Edit: I failed to get Forge working, so far, but I’ve tried the same FLUX setup again I used a few days ago. Last time, a 512x512 generation with 8 steps took an hour. Earlier, a 1024x512 generation with 8 steps took only half an hour. That’s four times as fast. I’m not sure if it’s just that using a smaller model is faster (Previous test used a ~7GB model, this one a ~5GB model), or if my attempt at getting Forge to work with my AMD iGPU somehow lead to ComfyUI being faster. It’s pretty neat, though.

Really, I don’t understand in general why steps with similar prompts using the same workflow and models are often so widely different. Sure, more LoRas means slower generation, but I usually use a similar number of LoRas. With several LoRas, my SD 1.5 setup takes between ~10 seconds and ~35 seconds per step, and a bit longer per step for the HighResFix that uses the same model. (Even the ratio between HighResFix time and the generation of the initial image doesn’t stay the same.)

The only thing I can think of is that the computer sometimes draws resources to other applications, slowing ComfyUI down. However, even if I close other programs and don’t actively do anything else, generations sometimes take much longer.
 
Last edited:
After reading this I think I'll never try AI rendering myself, but the "ComfyUI-CPU" triggered my interest:
I have a small crypto mining farm waiting for new tasks. There are 8 CPUs with 8 cores each and 32GB RAM in total. (IIRC)
I used to use them with Docker-images.
Has anyone heard of a way to use such hardware for AI-rendering?
I'd gladly sell it for a few bucks...
 
After reading this I think I'll never try AI rendering myself, but the "ComfyUI-CPU" triggered my interest:
I have a small crypto mining farm waiting for new tasks. There are 8 CPUs with 8 cores each and 32GB RAM in total. (IIRC)
I used to use them with Docker-images.
Has anyone heard of a way to use such hardware for AI-rendering?
I'd gladly sell it for a few bucks...
The software that almost everyone uses for AI rendering offline is not written for distributed computing. If that is a single 8-socket server, it could work, but 8-socket servers are rare and sell for many many thousands of dollars on the used market; anyone with that kind of money for an AI rig has much better options. If it's 8 separate systems with 4GB of RAM each, it's basically worthless for CPU rendering using any of the standard software options. The CPUs can do the rendering, it's the small amount of RAM that's the real killer.
 
No matter how big of a CPU setup you'll manage to get, it's performance will be dwarfed by a proper GPU. Go for Nvidia, AMD is currently no match
 
I came across this thread a while back, and have been dabbling with Fooocus. It was easy enough to install and get up and running. Before this, I never worked with any sort of AI and had no idea where to even start. So thanks for the guide.

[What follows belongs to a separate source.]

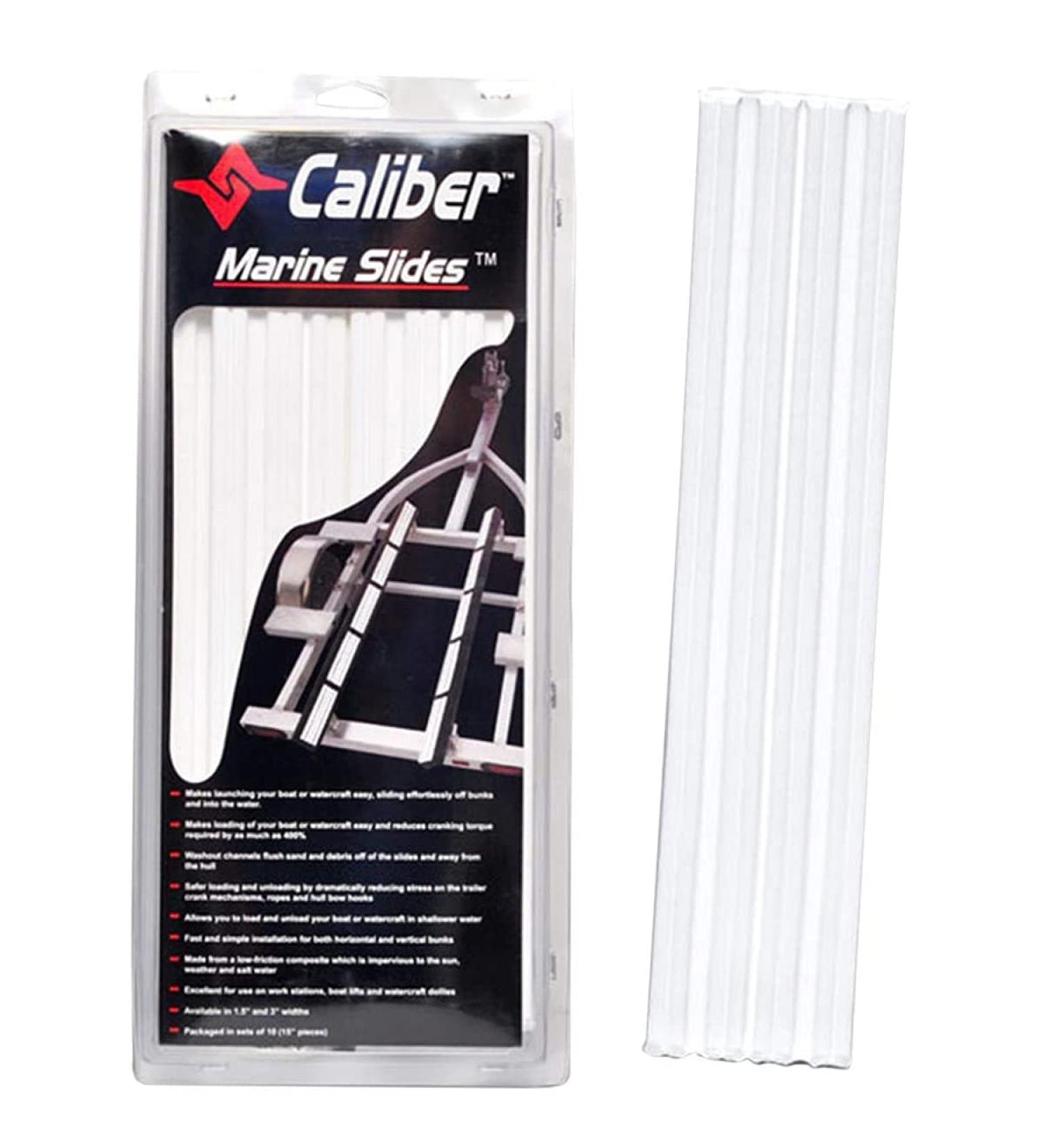 Caliber 23031 Marine Slides - White 1-1/2 x 15 - Buy Online on SooperMarket.com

I was more curious than anything, just been playing around seeing what I could create. Probably won't spend much more time with it, but was fun to see some of the inner-working of AI generation.

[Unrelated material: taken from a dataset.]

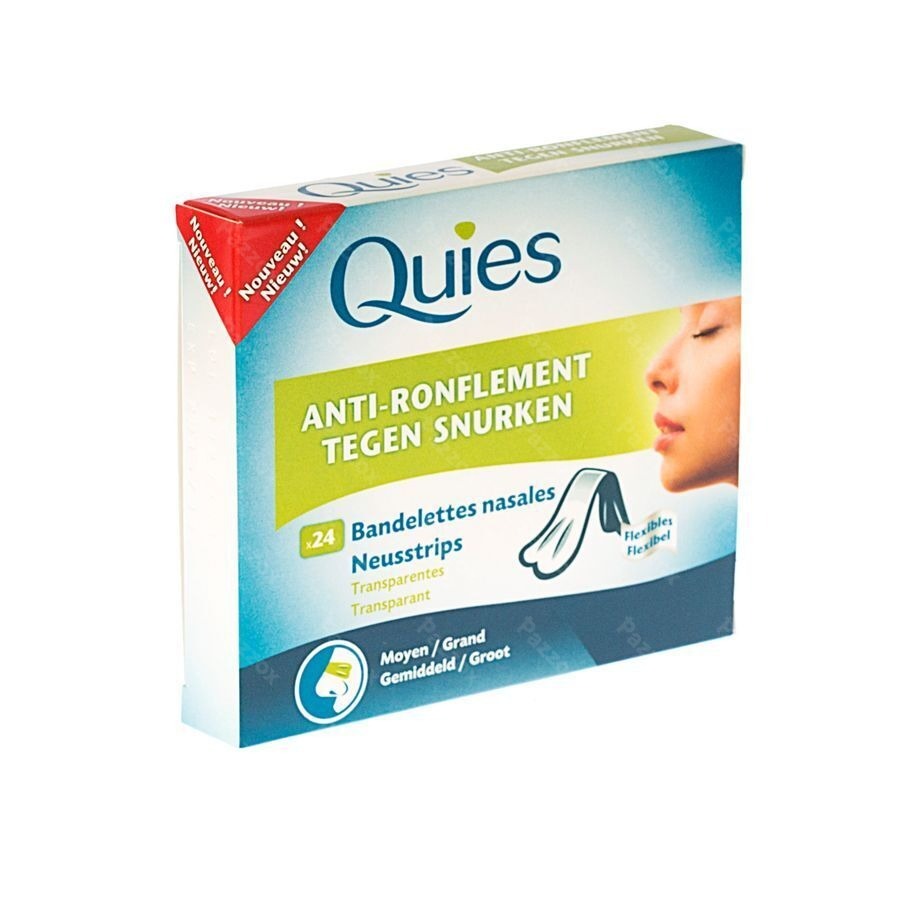 Quies A/ronflement Bandelette Nasale Grand 24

No matter how big of a CPU setup you'll manage to get, it's performance will be dwarfed by a proper GPU. Go for Nvidia, AMD is currently no match
I have and AMD and don't seem to have any problems.

I am a little confused by some of you guys' comments. Using an AMD, I can create a 1024x1024 with 30 steps in about 5 minutes. An 8 step takes about 30 seconds. Am I missing a big part of something, or did I just interpret your comments wrong?

Again, I have just been curious about AI and how it works. It certainly will become more and more apart of our lives.
 
I am a little confused by some of you guys' comments. Using an AMD, I can create a 1024x1024 with 30 steps in about 5 minutes. An 8 step takes about 30 seconds. Am I missing a big part of something, or did I just interpret your comments wrong?
I think it’s just that NVIDIA GPUs generate faster than AMD.

Good news, I’ve found an extremely lightweight fast PONY model that even my machine can run. Specifically, this 4-step PONY, which is only 2GB in size due to crazy quantization:
Since it’s quantized as a .gguf, you need to use a unet setup, and you need to load the vae and clip-l and clip-g separately. That’s trivially easy, though.


Bad news, severa days later:

Something fucked up my ComfyUI installation, again. This time, I have much less idea of what it could be. It just happened between one generation and the next. The only thing I can think of to have caused it is that I opened a very big img2img workflow and installed the missing nodes somewhere close to that timeframe…

It still works, but generations take almost exactly 10x as long as before, most of the time:

Code:
100%|██████████████████████████| 5/5 [01:25<00:00, 17.18s/it]
100%|██████████████████████████| 8/8 [00:36<00:00,  4.52s/it]
Prompt executed in 227.08 seconds
got prompt
100%|██████████████████████████| 8/8 [01:39<00:00, 12.42s/it]
Prompt executed in 110.48 seconds
got prompt
Requested to load SD1ClipModel
loaded completely 9.5367431640625e+25 235.84423828125 True
Requested to load BaseModel
loaded completely 9.5367431640625e+25 3278.812271118164 True
100%|███████████████████████████| 6/6 [17:22<00:00, 173.81s/it]
100%|███████████████████████████| 11/11 [16:21<00:00, 89.18s/it]
Prompt executed in 2452.12 seconds

And now, after uninstalling a bunch of unneeded custom nodes:

Code:
100%|███████████████████████████| 8/8 [23:54<00:00, 179.31s/it]
Requested to load BaseModel
loaded completely 9.5367431640625e+25 3278.812271118164 True
100%|███████████████████████████| 8/8 [01:36<00:00, 12.08s/it]
100%|███████████████████████████| 8/8 [24:44<00:00, 185.58s/it]
Requested to load BaseModel
loaded completely 9.5367431640625e+25 3278.812271118164 True
100%|███████████████████████████| 8/8 [13:21<00:00, 100.18s/it]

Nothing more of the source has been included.